(Records from a collection)
──────────

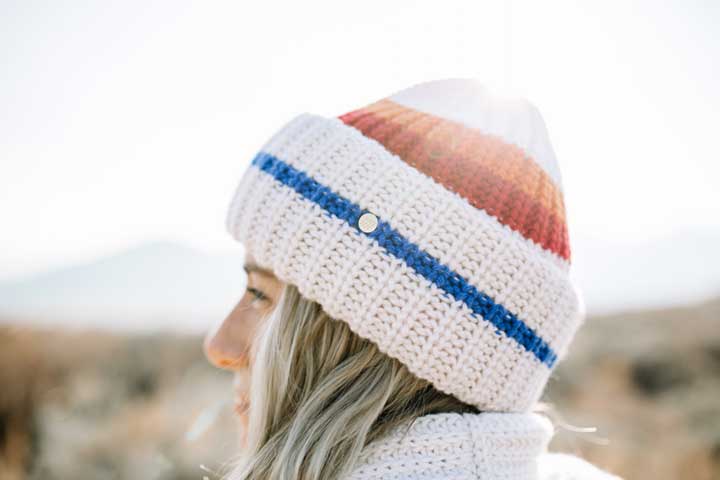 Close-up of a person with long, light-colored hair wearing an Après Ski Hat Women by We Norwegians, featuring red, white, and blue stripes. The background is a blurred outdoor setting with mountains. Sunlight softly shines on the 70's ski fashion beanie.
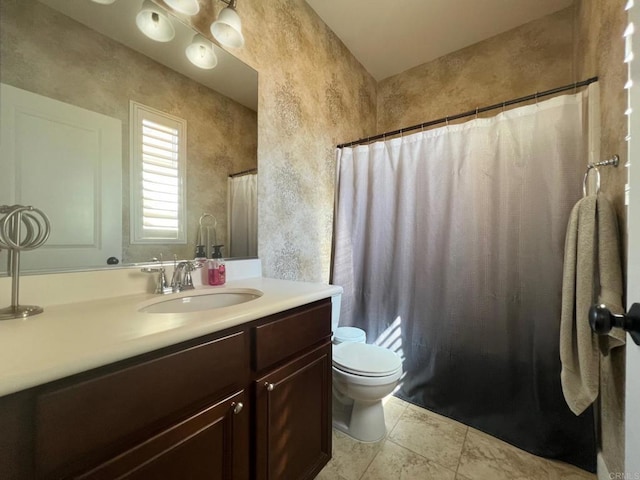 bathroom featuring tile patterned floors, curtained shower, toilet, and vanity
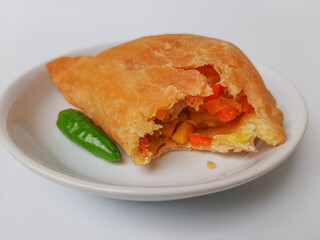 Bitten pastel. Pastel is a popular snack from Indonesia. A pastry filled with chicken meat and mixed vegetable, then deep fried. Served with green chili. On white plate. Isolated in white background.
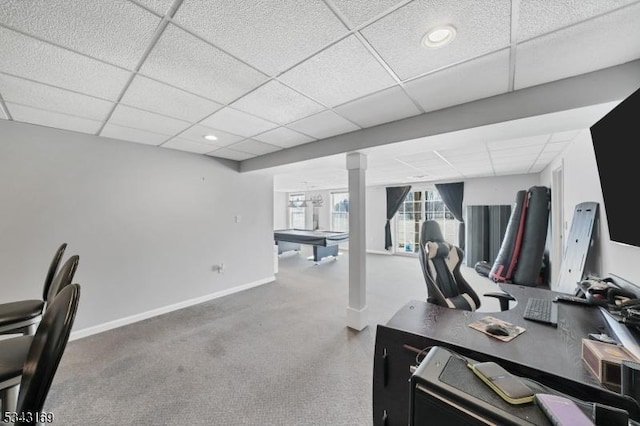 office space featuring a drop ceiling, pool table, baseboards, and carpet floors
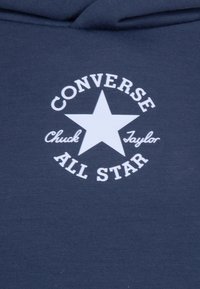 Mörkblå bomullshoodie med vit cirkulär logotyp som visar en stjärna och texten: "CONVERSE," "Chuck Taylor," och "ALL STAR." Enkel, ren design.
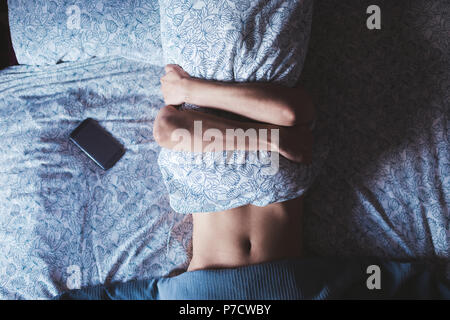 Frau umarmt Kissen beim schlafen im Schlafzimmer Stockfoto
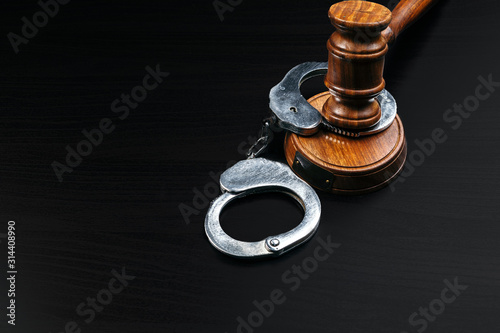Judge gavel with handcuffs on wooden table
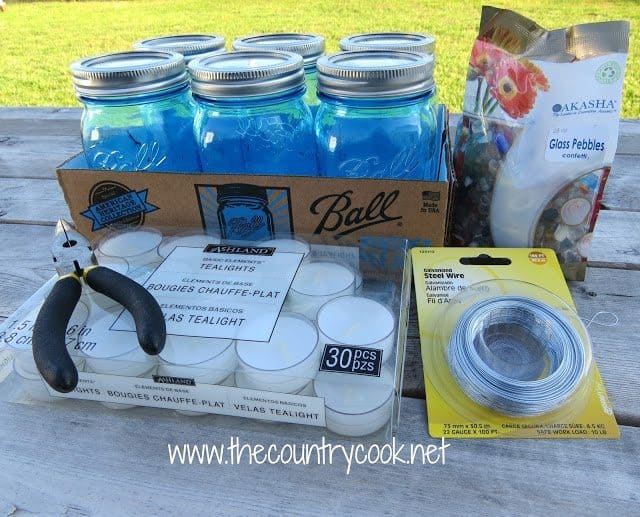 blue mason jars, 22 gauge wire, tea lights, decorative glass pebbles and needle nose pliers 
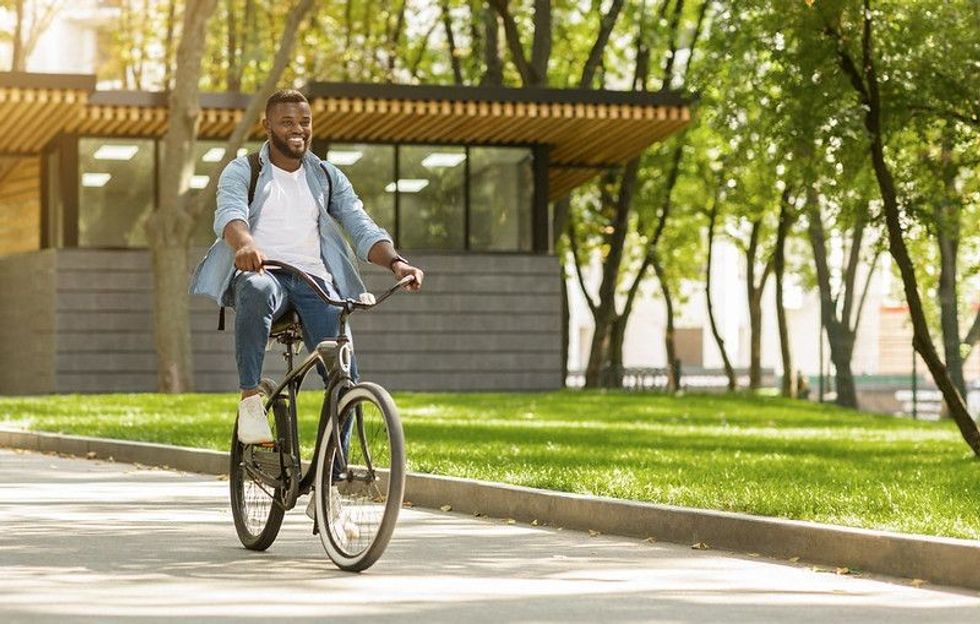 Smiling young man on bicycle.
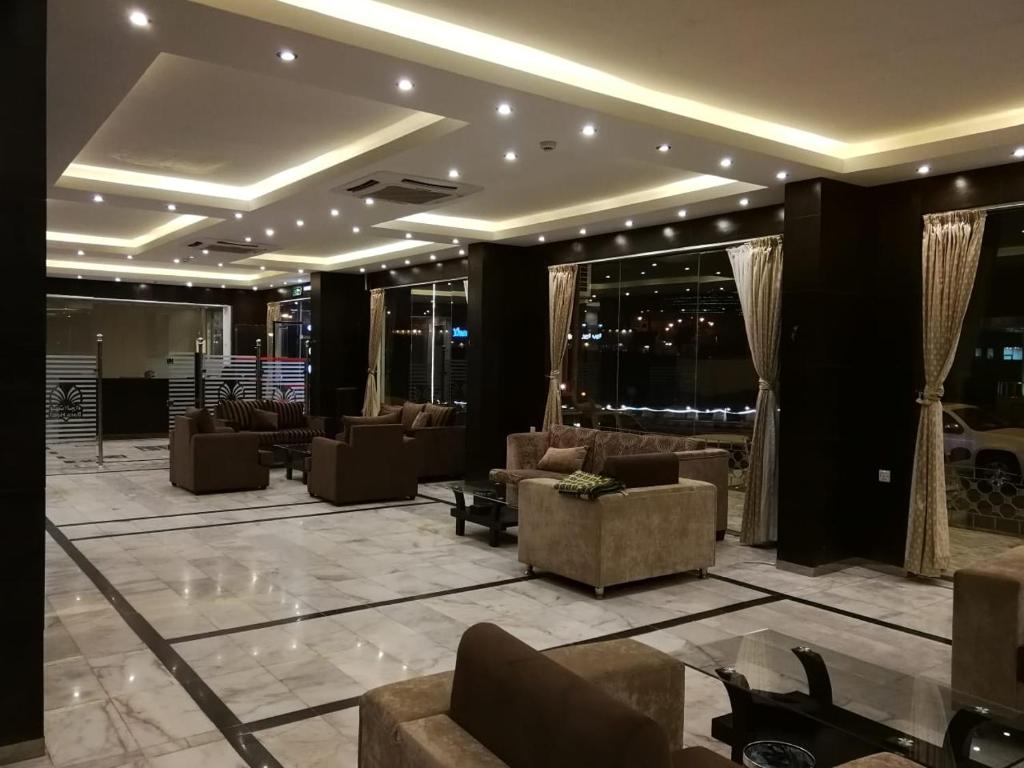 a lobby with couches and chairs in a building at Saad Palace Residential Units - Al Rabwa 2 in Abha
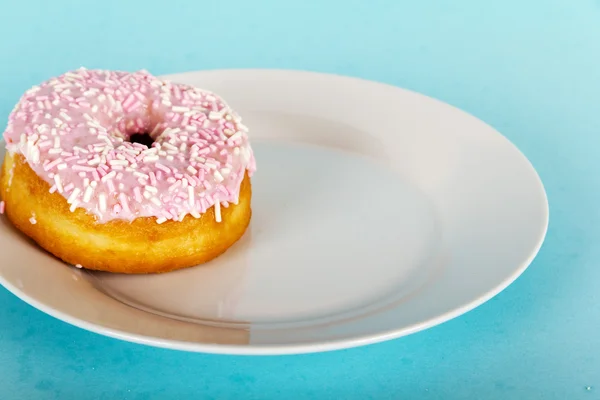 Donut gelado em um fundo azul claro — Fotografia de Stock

──────────

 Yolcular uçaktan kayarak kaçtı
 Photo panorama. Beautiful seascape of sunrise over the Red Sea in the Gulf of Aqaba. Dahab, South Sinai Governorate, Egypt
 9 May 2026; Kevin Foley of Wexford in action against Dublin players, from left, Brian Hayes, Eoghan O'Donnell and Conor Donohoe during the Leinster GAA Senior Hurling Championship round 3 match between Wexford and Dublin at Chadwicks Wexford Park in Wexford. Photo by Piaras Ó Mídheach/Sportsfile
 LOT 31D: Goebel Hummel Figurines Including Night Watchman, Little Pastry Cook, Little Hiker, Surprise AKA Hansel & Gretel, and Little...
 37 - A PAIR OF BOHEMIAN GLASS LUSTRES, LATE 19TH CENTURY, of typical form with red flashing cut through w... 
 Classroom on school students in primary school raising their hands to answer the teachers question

──────────

Task directions ▸ Using the entries above, repeat exactly the lines from the one with "Frau umarmt Kissen" to the one with "Donut gelado em", both included, and leave the pictures behind.

Answer space ▸
 Frau umarmt Kissen beim schlafen im Schlafzimmer Stockfoto
Judge gavel with handcuffs on wooden table
 blue mason jars, 22 gauge wire, tea lights, decorative glass pebbles and needle nose pliers 
 Smiling young man on bicycle.
 a lobby with couches and chairs in a building at Saad Palace Residential Units - Al Rabwa 2 in Abha
 Donut gelado em um fundo azul claro — Fotografia de Stock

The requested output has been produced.